In the pink: plant science creates colour for farmed salmon
Scientists have successfully engineered the oilseed crop Camelina sativa to produce high levels of astaxanthin — a valuable red antioxidant used to colour farmed salmon and shrimp — using plant-derived genes rather than bacterial pathways.
The findings, from a joint US/UK research team of biotechnologists led by Professor Edgar Cahoon, director of the Center for Plant Science Innovation at the University of Nebraska-Lincoln (UNL), could offer a commercially viable alternative to synthetic astaxanthin, which is currently produced through chemical synthesis or from limited natural sources like algae.
Astaxanthin belongs to a group of red pigments known as ketocarotenoids, which are prized not only for their colouring properties but also for their antioxidant capacity. These pigments don’t occur naturally in most crops, but by borrowing genes from the scarlet flax flower (Adonis aestivalis), researchers introduced a new ketocarotenoid biosynthesis pathway into Camelina seeds.

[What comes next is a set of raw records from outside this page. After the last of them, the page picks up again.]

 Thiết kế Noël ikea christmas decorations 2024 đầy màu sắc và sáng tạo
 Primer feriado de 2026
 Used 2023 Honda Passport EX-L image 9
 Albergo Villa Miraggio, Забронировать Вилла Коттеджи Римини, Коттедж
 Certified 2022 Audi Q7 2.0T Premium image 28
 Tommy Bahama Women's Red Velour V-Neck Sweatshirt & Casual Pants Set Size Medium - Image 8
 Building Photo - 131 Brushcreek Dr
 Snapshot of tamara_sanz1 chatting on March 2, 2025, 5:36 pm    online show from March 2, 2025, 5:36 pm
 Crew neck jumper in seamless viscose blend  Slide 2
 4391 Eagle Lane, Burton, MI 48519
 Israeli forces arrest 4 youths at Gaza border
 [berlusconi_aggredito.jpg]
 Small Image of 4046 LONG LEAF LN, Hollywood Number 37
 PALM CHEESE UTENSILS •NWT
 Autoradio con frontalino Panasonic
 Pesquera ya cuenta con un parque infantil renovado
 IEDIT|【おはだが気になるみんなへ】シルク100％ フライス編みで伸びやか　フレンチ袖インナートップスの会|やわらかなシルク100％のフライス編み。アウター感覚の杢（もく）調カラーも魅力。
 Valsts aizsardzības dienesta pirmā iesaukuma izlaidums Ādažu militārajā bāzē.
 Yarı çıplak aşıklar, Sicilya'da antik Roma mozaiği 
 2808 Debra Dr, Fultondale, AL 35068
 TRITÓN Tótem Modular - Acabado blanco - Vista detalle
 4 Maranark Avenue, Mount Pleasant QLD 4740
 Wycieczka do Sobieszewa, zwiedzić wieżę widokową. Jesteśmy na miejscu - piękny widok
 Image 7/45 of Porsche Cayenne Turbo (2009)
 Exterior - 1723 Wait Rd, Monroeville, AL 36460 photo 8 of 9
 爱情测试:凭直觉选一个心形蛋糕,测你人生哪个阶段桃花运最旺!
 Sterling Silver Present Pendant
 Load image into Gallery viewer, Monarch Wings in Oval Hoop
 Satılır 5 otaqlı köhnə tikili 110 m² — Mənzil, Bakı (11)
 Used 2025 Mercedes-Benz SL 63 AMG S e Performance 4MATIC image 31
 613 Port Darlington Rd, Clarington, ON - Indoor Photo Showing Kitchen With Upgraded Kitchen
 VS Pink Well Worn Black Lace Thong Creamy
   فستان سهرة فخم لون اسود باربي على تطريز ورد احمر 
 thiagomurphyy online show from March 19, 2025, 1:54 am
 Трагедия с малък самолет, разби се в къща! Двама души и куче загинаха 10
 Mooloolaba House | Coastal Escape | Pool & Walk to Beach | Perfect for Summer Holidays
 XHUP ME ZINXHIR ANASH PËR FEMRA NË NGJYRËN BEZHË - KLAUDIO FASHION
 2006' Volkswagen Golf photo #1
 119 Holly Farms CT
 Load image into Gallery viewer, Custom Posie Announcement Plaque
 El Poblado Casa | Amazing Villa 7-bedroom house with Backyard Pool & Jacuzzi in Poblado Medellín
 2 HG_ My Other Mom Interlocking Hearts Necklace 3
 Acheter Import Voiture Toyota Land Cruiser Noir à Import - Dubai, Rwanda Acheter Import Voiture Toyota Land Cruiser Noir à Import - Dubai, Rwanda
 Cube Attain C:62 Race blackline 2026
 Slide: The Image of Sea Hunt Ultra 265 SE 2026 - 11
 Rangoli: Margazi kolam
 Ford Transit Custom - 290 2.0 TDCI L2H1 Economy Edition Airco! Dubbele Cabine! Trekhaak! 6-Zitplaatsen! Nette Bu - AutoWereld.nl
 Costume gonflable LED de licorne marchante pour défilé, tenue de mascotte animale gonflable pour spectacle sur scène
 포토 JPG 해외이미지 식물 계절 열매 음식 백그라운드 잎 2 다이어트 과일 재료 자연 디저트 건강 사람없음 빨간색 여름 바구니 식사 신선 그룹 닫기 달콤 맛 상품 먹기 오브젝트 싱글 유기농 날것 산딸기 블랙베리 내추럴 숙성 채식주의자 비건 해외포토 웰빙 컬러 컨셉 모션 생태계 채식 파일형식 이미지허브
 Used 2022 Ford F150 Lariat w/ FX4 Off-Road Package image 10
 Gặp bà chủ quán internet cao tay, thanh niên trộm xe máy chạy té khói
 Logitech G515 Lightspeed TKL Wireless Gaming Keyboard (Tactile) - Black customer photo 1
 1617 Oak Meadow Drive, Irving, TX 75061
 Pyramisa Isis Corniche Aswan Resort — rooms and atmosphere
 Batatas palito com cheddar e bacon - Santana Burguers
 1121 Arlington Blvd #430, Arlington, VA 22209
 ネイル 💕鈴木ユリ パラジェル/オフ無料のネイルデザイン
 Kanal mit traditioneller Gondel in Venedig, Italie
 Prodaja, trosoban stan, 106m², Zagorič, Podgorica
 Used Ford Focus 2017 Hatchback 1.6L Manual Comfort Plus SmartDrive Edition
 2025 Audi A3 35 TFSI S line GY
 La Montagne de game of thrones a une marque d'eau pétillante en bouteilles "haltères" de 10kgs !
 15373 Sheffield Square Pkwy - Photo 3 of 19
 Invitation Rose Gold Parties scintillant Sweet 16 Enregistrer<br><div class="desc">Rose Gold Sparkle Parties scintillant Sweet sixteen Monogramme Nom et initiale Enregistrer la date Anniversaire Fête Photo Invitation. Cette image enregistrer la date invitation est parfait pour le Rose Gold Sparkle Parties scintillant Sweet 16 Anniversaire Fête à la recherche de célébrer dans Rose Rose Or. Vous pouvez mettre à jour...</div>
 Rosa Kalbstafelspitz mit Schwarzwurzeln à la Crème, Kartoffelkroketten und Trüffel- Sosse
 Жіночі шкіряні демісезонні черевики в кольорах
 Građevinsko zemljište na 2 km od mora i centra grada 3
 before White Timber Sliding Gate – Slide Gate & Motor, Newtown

Unlike earlier efforts that used bacterial genes, this plant-derived pathway is claimed to be more efficient and cleaner. It converted nearly all the precursor β-carotene into ketocarotenoids, with astaxanthin making up over a third of the total — reaching around 47 micrograms per gram of seed.
Importantly, the extracted oil was notably more resistant to oxidation — a trait that may appeal to the food industry for uses such as oleogels in plant-based products.
Crucially, the modified plants showed no stunting or visible signs of stress in the field, and the results were replicated across multiple growing seasons in both the US and UK.
“With growing pressure to find natural, scalable alternatives to synthetic additives, we believe this approach could pave the way for a new generation of sustainable pigment-rich oilseeds,” said Rothamsted’s Dr Richard Haslam, one of the co-authors of the research paper.
The findings have been published in Plant Biotechnology Journal.